Anderson is facing criminal charges, including culpable homicide not amounting to murder, voluntarily causing hurt, and criminal conspiracy, which attracts a punishment of 10 years in prison. Some 3,500 people died in the immediate aftermath of the gas leak and around 100,000 were affected.
Anderson was arrested soon after the tragedy took place, but he left the country after being let off on bail. The US department of state has denied his custody to Indian law enforcement agencies ever since, stating that the request of the Indian government does not meet the requirements under an existing extradition treaty.
India and the US are looking to sign the proposed new treaty within six months, but officials familiar with the matter said it is likely to take longer.
“Negotiations and signing of any international treaty usually takes more than a year or two. At present, both the governments are working at their ends to draft the proposal. The negotiations are yet to start as it involves alignment of procedures relating to each other’s legal systems and laws,” said a senior official in the ministry of external affairs.
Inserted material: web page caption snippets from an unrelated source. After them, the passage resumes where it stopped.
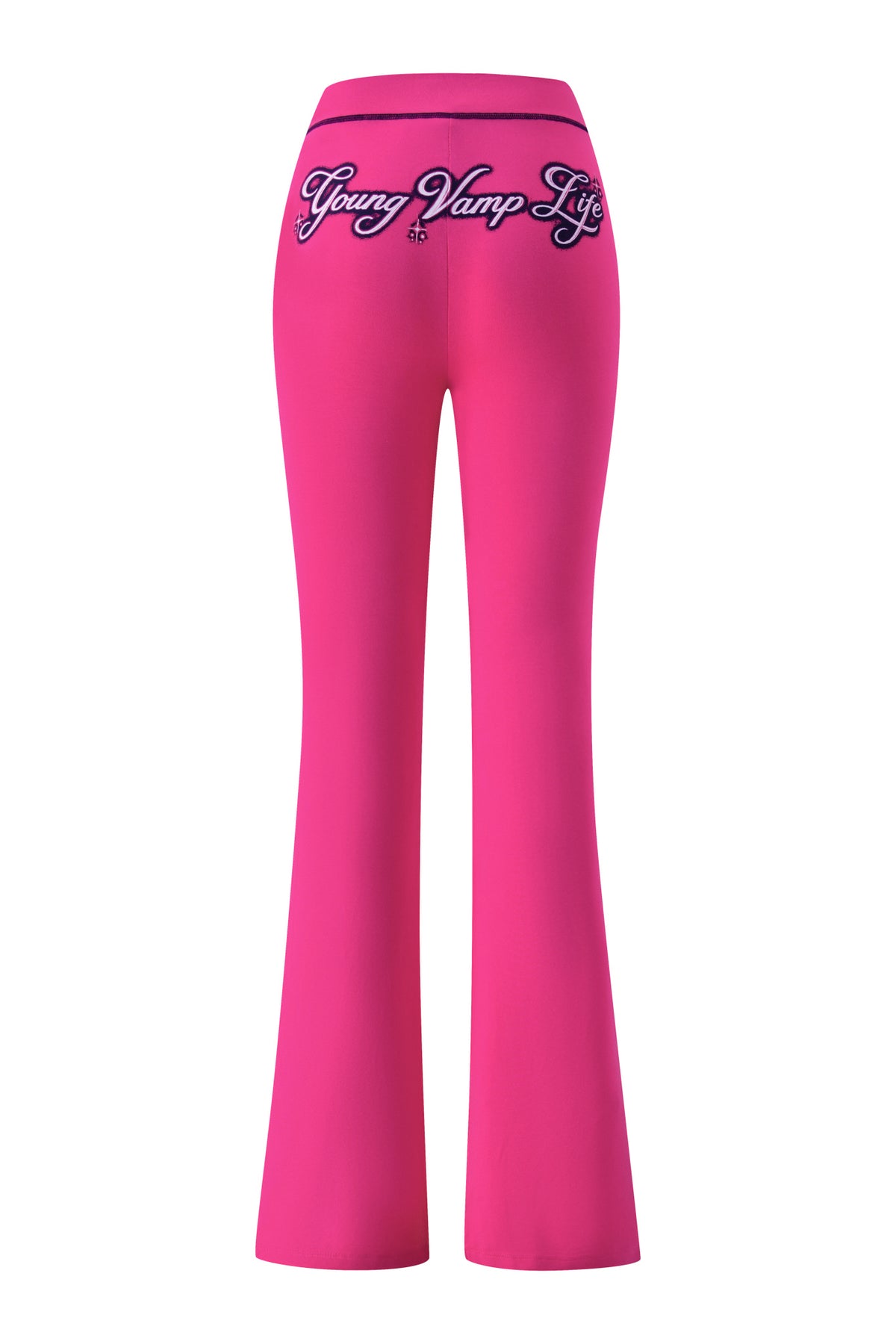 Bright pink YVL BLARE TRACKPANT trackpants with “Young Vamp Life” embroidered in black across the back waistband.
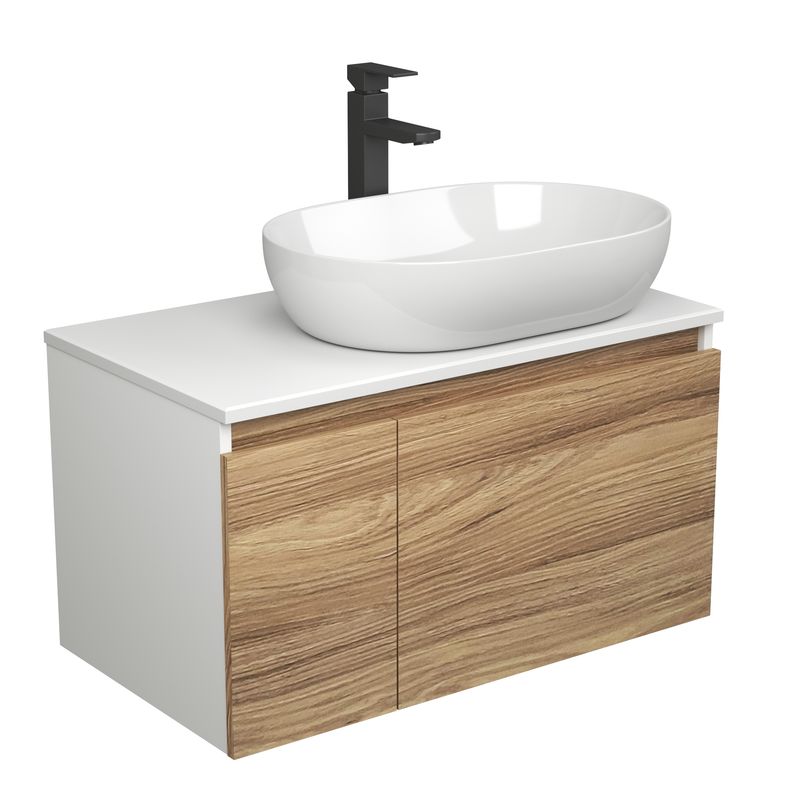 Комплект для ванной, 3 предмета (Тумба подвесная Bau Blackwood 80 + Раковина BAU 59х40, Смеситель высокий Hotel Black, черный)
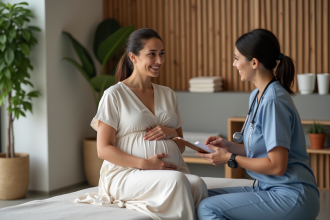 Femme enceinte en cabinet de bien-être avec thérapeute
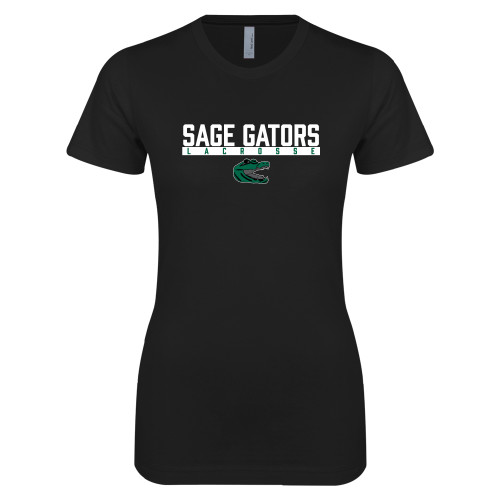  Next Level Womens Black Boyfriend Tee - Lacrosse in Bar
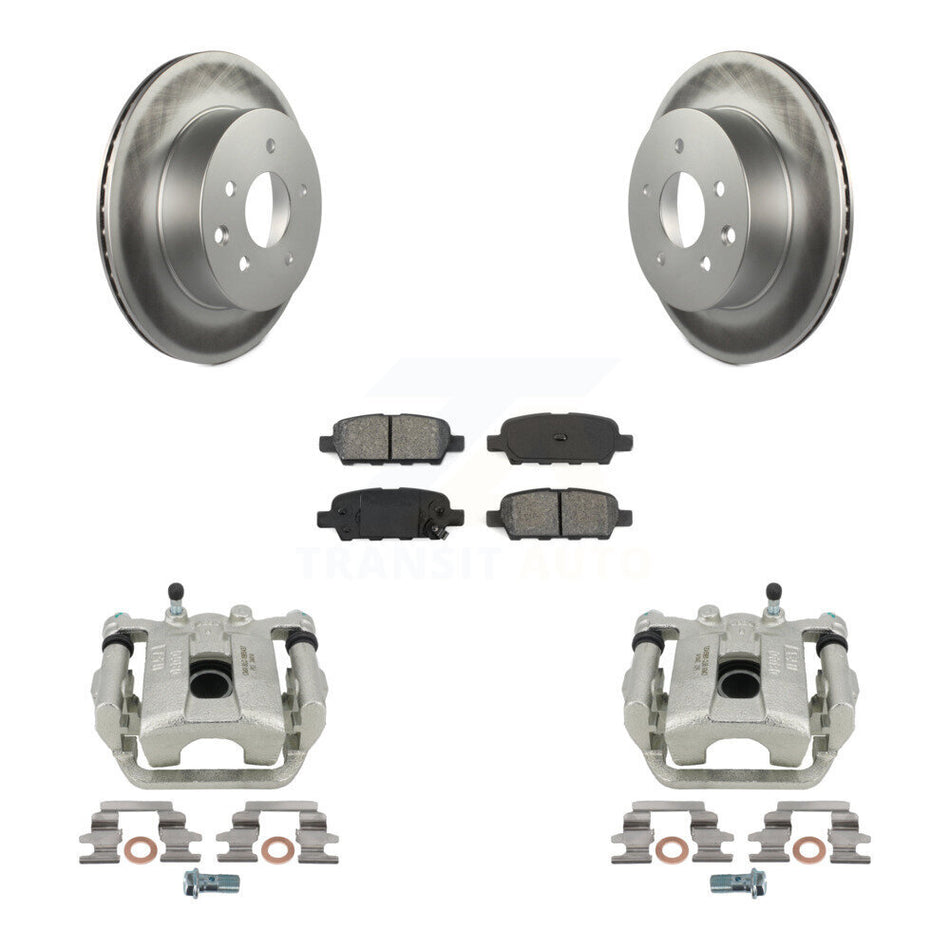 Rear Disc Brake Caliper Coated Rotors And Semi-Metallic Pads Kit For Nissan Rogue Select X-Trail KCG-100195S by Transit Auto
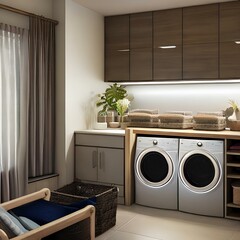 Laundry room with front-loading washer and dryer2, Generative AI
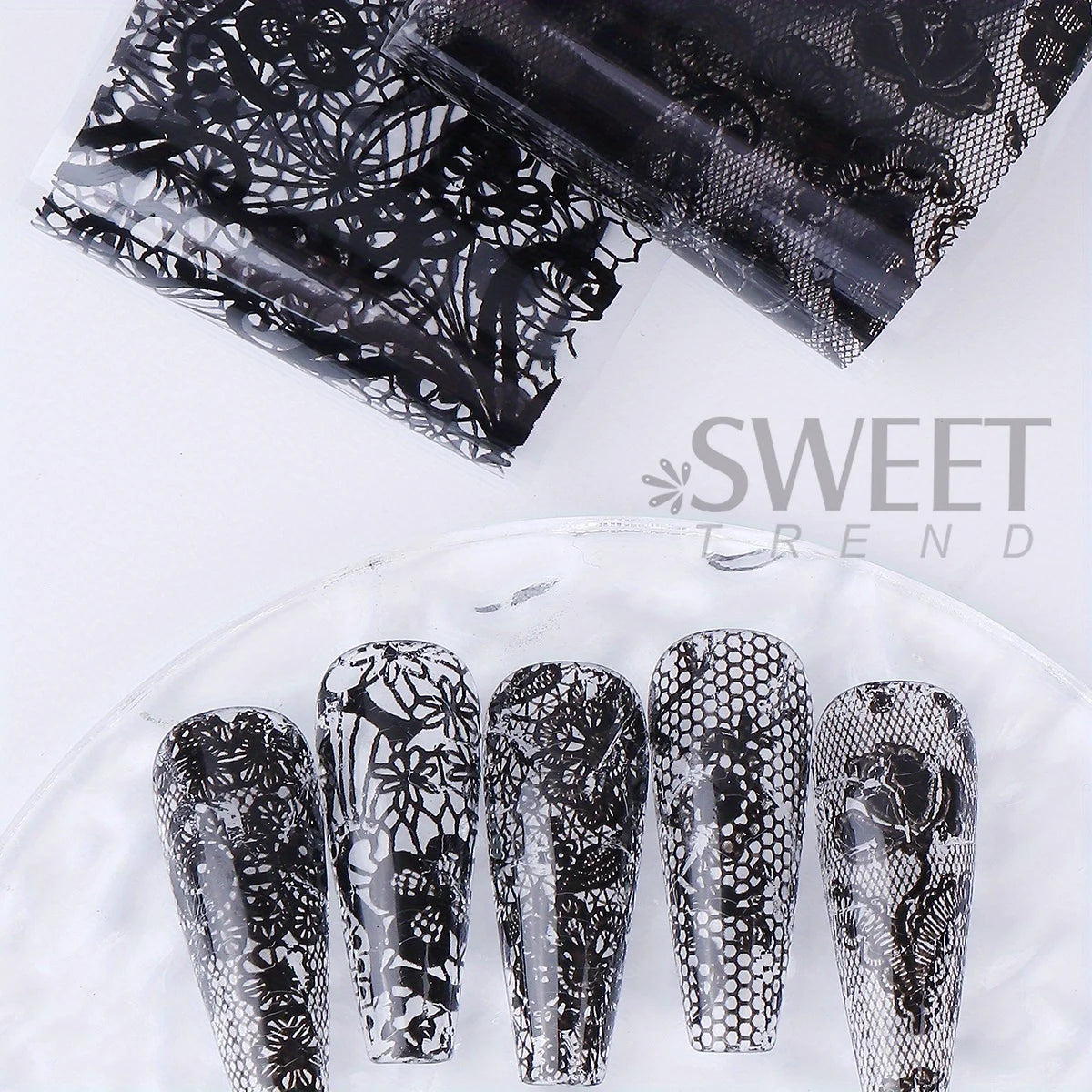 10/20pcs Elegant Black White Lace Flowers Nail Transfer Foils Fantasy Retro Floral Starry Sky Paper Sticker Manicure Accessories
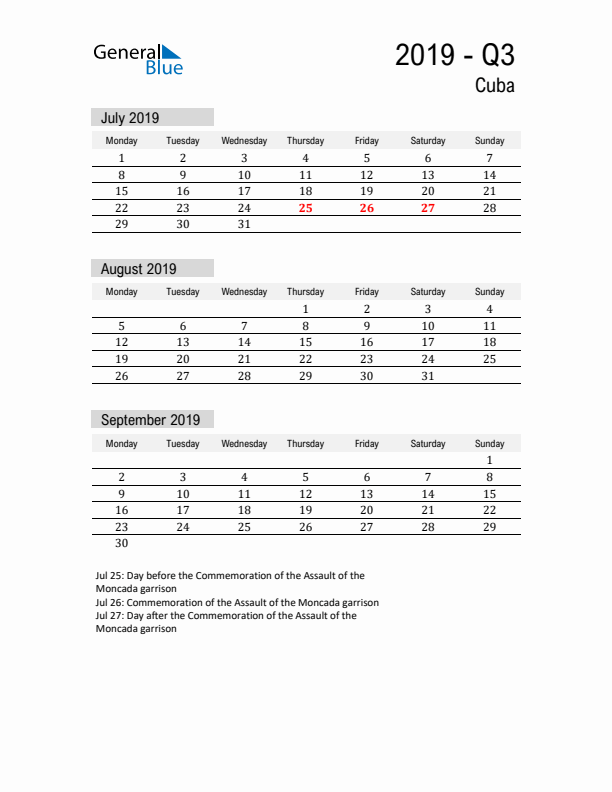 Cuba Quarter 3 2019 Calendar with Holidays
Once the home ministry “finishes the draft, we will facilitate the signing of the agreement”, said the official, who, too, didn’t want to be named. “It is unlikely that it would be signed during US President Barack Obama’s visit to New Delhi in November this year.”
According to the US Department of State website, the US has such bilateral treaties with Bolivia, Canada, France, Hong Kong, Mexico, Panama, Peru, Thailand and Turkey, and is a party to two multilateral conventions, the Council of Europe convention on the transfer of sentenced persons, and the Inter-American convention on serving criminal sentences abroad.
The US has similar agreements with more than 50 countries. India, too, has similar agreements with countries such as Bangladesh, Sri Lanka and the UK.
Mint couldn’t immediately ascertain the number of Indians imprisoned in US jails and the number of US citizens doing time in Indian prisons.
India-born convicts in US jails include fashion designer Anand Jon Alexander, who in August last year was sentenced to 59 years in prison after being found guilty of sexually assaulting aspiring models.